#### [AIM OF THE TASK]
Below are the entries. Transcribe exactly the lines from the one with "Τουριστικό μπρελόκ Souvenir" through the one with "The legend zelda", ends included, and leave out all others.

Web page caption snippets:
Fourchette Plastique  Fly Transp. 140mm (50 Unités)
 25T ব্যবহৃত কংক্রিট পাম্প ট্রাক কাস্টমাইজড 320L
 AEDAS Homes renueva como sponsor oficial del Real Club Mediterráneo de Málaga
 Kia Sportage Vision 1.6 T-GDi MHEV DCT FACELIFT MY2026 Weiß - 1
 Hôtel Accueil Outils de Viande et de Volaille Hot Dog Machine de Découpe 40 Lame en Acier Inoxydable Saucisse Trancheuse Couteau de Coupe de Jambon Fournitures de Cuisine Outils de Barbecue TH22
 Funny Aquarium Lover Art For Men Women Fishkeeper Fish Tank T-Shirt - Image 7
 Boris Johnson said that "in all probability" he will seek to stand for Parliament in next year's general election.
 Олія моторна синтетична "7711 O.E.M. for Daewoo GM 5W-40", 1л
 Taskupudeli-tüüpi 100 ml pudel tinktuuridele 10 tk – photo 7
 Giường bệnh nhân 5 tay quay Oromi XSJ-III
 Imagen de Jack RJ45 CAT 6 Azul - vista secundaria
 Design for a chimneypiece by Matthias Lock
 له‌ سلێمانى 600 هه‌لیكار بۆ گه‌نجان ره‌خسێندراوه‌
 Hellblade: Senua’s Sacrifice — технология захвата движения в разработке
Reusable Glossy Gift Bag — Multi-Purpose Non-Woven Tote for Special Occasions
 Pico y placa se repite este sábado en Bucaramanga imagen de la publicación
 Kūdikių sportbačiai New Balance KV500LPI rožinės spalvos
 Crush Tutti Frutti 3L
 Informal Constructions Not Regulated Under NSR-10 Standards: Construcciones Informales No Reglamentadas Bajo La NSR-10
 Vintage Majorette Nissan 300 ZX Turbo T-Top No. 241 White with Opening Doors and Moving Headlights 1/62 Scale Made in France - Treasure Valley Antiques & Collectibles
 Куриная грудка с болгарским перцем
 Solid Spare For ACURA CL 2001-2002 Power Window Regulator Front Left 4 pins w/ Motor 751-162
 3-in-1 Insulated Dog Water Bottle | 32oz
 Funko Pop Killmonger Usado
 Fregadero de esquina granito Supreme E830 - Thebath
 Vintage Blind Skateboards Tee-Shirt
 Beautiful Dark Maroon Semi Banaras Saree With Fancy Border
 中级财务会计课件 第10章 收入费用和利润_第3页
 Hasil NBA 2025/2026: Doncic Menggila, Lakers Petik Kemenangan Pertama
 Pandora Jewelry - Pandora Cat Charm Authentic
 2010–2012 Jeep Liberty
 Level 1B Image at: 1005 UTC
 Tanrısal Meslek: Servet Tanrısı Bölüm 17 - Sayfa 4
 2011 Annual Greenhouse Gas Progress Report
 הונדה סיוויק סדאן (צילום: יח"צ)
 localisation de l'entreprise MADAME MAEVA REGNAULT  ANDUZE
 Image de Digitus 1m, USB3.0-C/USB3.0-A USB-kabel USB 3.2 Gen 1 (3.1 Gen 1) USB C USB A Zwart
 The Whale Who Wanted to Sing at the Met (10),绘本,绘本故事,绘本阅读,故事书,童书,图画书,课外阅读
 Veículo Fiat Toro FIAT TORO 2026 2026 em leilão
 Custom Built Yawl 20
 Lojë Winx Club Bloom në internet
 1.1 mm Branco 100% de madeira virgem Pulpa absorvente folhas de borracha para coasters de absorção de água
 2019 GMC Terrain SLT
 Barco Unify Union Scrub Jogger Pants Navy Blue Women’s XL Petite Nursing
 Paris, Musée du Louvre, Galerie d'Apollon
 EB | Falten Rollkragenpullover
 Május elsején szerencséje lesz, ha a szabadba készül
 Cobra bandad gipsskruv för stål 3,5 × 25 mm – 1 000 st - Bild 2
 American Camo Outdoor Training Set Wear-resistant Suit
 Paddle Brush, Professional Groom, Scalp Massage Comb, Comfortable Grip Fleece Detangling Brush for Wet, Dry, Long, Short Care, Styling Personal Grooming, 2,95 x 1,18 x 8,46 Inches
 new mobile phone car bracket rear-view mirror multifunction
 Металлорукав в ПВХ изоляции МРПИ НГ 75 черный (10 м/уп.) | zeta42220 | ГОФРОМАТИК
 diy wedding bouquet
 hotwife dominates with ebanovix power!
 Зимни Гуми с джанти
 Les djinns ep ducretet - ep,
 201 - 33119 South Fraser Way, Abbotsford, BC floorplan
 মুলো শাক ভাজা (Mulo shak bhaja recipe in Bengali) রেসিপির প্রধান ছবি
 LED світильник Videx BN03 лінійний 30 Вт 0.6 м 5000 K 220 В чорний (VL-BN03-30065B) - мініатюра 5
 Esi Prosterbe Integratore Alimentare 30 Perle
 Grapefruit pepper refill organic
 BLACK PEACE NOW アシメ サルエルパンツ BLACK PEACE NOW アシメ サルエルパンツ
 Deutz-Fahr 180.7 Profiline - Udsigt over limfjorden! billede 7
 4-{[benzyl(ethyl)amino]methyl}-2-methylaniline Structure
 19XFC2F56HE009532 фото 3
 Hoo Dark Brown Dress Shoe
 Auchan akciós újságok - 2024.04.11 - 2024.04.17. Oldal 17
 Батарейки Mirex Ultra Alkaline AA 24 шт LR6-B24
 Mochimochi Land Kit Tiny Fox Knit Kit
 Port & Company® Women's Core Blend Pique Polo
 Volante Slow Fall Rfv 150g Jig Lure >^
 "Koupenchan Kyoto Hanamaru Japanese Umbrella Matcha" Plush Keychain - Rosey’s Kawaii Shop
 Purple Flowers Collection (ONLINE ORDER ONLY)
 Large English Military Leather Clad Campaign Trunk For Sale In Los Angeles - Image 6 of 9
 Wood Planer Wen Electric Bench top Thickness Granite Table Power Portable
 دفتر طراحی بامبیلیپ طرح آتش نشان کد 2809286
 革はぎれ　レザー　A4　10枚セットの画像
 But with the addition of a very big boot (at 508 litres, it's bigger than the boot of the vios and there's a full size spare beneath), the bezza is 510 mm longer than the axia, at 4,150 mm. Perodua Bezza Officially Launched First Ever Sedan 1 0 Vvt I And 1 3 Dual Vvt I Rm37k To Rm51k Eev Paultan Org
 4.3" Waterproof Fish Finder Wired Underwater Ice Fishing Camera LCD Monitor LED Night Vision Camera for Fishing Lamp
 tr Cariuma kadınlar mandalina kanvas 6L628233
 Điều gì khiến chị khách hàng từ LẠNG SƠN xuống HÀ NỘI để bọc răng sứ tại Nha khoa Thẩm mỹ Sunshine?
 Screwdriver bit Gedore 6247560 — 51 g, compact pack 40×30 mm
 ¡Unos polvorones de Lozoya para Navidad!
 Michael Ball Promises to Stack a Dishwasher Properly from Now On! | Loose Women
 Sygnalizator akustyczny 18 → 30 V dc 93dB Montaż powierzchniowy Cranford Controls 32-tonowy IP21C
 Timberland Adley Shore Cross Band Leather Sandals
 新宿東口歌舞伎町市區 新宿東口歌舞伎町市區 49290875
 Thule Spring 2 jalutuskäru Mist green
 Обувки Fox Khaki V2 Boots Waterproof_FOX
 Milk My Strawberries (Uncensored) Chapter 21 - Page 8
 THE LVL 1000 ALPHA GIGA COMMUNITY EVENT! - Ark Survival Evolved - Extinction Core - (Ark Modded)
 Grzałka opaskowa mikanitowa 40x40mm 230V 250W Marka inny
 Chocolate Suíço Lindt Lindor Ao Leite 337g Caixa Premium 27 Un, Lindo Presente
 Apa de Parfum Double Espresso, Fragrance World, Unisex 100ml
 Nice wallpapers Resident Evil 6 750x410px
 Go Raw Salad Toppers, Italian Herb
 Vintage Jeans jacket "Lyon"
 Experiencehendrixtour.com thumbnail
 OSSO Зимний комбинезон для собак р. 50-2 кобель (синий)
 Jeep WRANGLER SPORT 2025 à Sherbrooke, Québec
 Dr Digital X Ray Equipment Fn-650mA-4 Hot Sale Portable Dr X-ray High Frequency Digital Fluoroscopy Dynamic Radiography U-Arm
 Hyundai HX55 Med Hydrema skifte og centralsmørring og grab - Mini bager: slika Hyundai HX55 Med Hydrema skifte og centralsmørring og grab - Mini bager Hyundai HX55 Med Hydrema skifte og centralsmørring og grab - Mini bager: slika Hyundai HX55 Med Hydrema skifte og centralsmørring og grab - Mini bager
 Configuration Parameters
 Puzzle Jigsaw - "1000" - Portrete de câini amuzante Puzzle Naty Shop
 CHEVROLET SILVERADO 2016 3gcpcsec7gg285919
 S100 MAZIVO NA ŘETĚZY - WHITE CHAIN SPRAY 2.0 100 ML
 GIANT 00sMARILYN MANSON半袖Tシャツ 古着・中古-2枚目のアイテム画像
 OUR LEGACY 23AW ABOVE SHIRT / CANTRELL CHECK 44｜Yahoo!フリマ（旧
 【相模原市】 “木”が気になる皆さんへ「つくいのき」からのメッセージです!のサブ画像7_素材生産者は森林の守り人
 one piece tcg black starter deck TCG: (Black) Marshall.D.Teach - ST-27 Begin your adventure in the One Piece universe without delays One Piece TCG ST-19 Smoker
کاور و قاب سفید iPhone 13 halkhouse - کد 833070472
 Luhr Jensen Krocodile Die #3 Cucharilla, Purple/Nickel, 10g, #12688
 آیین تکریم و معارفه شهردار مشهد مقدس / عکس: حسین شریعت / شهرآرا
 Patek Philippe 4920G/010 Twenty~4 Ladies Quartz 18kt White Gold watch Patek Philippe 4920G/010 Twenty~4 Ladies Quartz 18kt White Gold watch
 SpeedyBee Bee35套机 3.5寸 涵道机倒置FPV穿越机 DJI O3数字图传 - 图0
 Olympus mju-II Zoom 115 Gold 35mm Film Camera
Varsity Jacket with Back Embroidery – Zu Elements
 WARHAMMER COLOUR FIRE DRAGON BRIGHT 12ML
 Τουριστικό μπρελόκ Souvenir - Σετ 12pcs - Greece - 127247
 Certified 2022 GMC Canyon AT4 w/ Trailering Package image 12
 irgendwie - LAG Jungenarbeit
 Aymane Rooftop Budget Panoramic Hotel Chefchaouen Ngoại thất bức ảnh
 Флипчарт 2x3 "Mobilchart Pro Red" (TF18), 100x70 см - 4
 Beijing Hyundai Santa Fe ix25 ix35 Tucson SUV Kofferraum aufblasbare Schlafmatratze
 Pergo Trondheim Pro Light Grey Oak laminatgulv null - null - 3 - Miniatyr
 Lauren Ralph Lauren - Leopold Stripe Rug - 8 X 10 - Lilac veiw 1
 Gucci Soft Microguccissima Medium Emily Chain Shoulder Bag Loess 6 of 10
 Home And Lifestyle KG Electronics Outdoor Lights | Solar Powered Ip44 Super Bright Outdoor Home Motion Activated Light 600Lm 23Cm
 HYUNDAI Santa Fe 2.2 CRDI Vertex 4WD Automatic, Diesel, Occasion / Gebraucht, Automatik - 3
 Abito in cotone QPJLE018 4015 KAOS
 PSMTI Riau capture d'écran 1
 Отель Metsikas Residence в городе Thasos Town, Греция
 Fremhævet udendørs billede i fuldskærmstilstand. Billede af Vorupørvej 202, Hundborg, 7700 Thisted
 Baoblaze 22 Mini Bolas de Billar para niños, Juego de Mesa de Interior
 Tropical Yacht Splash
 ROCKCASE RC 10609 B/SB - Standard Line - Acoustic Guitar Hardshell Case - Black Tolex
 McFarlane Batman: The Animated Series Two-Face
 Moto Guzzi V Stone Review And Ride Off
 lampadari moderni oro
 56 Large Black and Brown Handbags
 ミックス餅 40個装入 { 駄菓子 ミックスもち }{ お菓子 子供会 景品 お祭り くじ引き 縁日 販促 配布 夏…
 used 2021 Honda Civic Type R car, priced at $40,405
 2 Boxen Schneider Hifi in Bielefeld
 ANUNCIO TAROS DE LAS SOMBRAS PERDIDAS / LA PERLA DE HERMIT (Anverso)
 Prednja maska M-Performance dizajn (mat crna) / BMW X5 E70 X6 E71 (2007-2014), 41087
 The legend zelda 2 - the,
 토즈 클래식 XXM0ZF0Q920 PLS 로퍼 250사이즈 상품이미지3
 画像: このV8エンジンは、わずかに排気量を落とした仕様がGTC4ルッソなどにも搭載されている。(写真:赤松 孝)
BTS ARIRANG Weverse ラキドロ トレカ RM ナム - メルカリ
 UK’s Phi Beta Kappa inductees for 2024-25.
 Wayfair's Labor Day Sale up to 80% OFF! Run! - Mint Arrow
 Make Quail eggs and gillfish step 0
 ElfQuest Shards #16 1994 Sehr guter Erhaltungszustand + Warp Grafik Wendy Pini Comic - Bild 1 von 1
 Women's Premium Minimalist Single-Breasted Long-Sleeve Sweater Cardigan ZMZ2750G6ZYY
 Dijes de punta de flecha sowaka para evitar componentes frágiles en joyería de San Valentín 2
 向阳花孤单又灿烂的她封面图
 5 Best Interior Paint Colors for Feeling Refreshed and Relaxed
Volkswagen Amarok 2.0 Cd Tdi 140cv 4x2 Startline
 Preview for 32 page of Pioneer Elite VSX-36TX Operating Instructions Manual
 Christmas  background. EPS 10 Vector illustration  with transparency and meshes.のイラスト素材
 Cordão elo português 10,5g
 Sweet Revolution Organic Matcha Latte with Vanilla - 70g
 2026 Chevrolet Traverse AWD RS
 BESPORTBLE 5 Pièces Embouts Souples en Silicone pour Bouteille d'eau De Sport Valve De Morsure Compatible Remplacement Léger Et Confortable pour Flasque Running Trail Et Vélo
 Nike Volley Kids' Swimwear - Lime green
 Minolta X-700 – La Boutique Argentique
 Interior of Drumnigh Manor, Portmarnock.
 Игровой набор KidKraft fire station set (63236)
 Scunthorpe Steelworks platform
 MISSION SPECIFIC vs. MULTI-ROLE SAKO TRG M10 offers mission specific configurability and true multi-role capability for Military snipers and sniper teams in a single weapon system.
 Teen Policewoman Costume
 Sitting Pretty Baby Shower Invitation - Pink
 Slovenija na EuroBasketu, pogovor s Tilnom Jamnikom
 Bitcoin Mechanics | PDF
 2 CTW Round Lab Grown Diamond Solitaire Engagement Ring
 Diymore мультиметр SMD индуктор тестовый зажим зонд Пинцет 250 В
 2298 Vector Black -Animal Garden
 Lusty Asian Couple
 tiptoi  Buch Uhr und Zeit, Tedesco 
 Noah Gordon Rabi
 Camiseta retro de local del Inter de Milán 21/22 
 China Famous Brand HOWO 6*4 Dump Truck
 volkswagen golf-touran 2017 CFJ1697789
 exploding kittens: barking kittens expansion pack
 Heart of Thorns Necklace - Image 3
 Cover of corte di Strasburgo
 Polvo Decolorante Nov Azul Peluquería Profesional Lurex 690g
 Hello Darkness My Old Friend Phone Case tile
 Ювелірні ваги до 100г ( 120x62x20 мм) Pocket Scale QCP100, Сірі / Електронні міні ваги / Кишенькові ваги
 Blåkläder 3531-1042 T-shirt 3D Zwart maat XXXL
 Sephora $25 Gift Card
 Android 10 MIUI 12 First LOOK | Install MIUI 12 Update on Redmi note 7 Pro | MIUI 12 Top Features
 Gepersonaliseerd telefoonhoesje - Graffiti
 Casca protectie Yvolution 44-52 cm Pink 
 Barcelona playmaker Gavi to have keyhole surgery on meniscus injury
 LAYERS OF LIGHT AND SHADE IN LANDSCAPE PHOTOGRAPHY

#### [RESPONSE AREA]
 Τουριστικό μπρελόκ Souvenir - Σετ 12pcs - Greece - 127247
 Certified 2022 GMC Canyon AT4 w/ Trailering Package image 12
 irgendwie - LAG Jungenarbeit
 Aymane Rooftop Budget Panoramic Hotel Chefchaouen Ngoại thất bức ảnh
 Флипчарт 2x3 "Mobilchart Pro Red" (TF18), 100x70 см - 4
 Beijing Hyundai Santa Fe ix25 ix35 Tucson SUV Kofferraum aufblasbare Schlafmatratze
 Pergo Trondheim Pro Light Grey Oak laminatgulv null - null - 3 - Miniatyr
 Lauren Ralph Lauren - Leopold Stripe Rug - 8 X 10 - Lilac veiw 1
 Gucci Soft Microguccissima Medium Emily Chain Shoulder Bag Loess 6 of 10
 Home And Lifestyle KG Electronics Outdoor Lights | Solar Powered Ip44 Super Bright Outdoor Home Motion Activated Light 600Lm 23Cm
 HYUNDAI Santa Fe 2.2 CRDI Vertex 4WD Automatic, Diesel, Occasion / Gebraucht, Automatik - 3
 Abito in cotone QPJLE018 4015 KAOS
 PSMTI Riau capture d'écran 1
 Отель Metsikas Residence в городе Thasos Town, Греция
 Fremhævet udendørs billede i fuldskærmstilstand. Billede af Vorupørvej 202, Hundborg, 7700 Thisted
 Baoblaze 22 Mini Bolas de Billar para niños, Juego de Mesa de Interior
 Tropical Yacht Splash
 ROCKCASE RC 10609 B/SB - Standard Line - Acoustic Guitar Hardshell Case - Black Tolex
 McFarlane Batman: The Animated Series Two-Face
 Moto Guzzi V Stone Review And Ride Off
 lampadari moderni oro
 56 Large Black and Brown Handbags
 ミックス餅 40個装入 { 駄菓子 ミックスもち }{ お菓子 子供会 景品 お祭り くじ引き 縁日 販促 配布 夏…
 used 2021 Honda Civic Type R car, priced at $40,405
 2 Boxen Schneider Hifi in Bielefeld
 ANUNCIO TAROS DE LAS SOMBRAS PERDIDAS / LA PERLA DE HERMIT (Anverso)
 Prednja maska M-Performance dizajn (mat crna) / BMW X5 E70 X6 E71 (2007-2014), 41087
 The legend zelda 2 - the,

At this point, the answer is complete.